In the entries below, begin at the line with "Spacious kitchen features" and stop after the line with "715 - Walter"; output those lines exactly and omit the pictures.

**INPUT FOR THIS TASK:**
-----
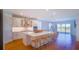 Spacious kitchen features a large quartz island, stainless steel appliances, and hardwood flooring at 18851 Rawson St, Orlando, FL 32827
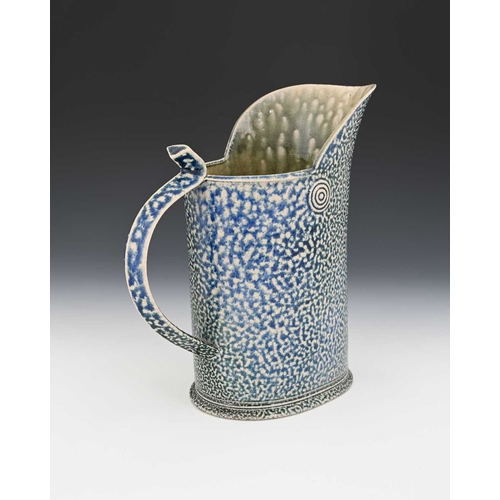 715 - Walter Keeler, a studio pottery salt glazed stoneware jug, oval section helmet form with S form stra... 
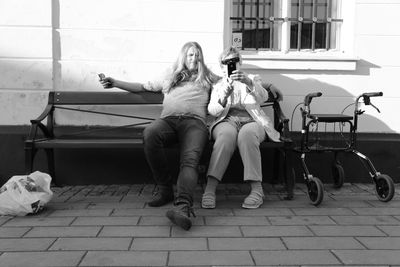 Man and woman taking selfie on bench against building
-----
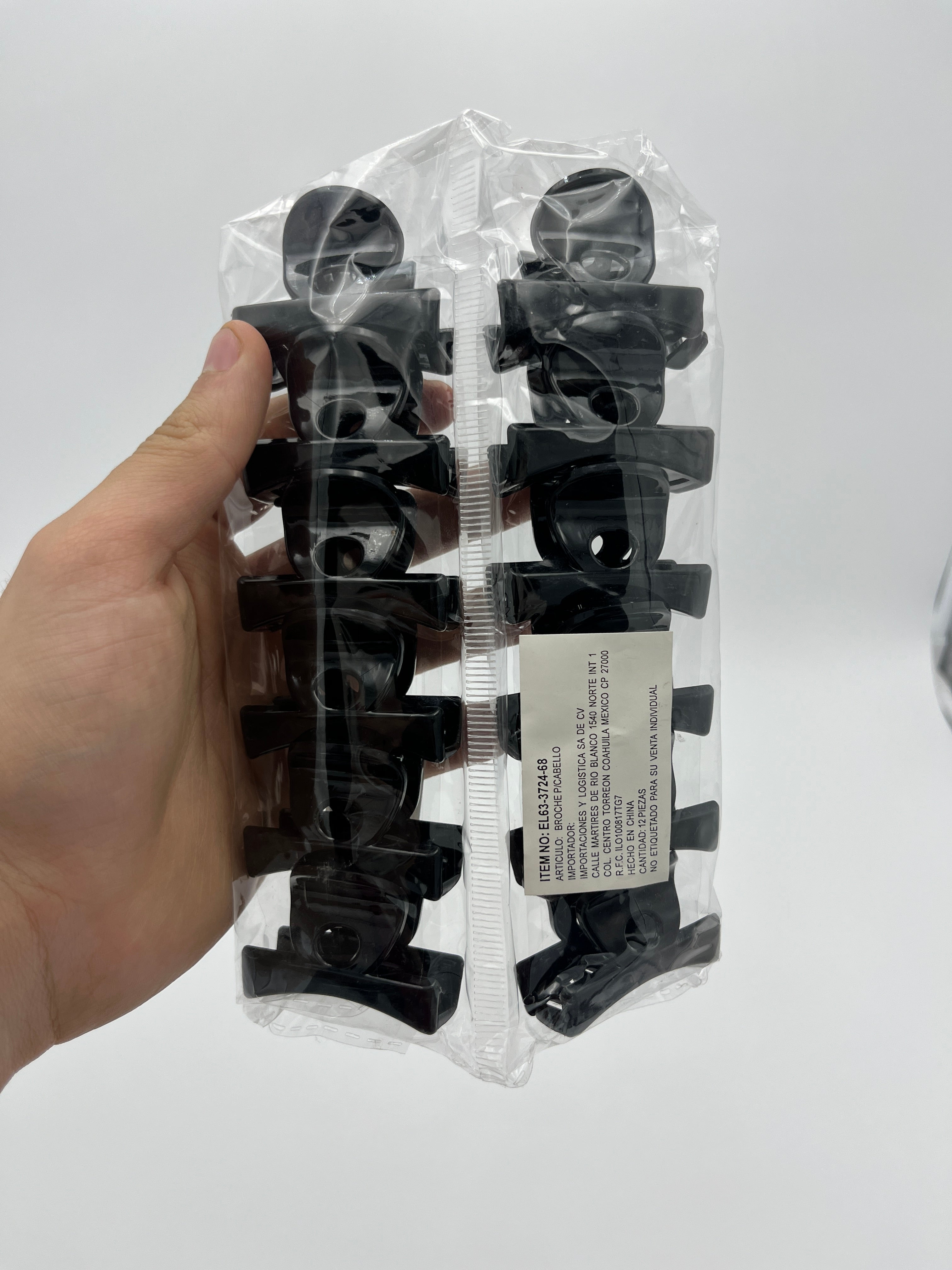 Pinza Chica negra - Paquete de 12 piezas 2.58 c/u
-----
**ANSWER AREA:**
 Spacious kitchen features a large quartz island, stainless steel appliances, and hardwood flooring at 18851 Rawson St, Orlando, FL 32827
 715 - Walter Keeler, a studio pottery salt glazed stoneware jug, oval section helmet form with S form stra... 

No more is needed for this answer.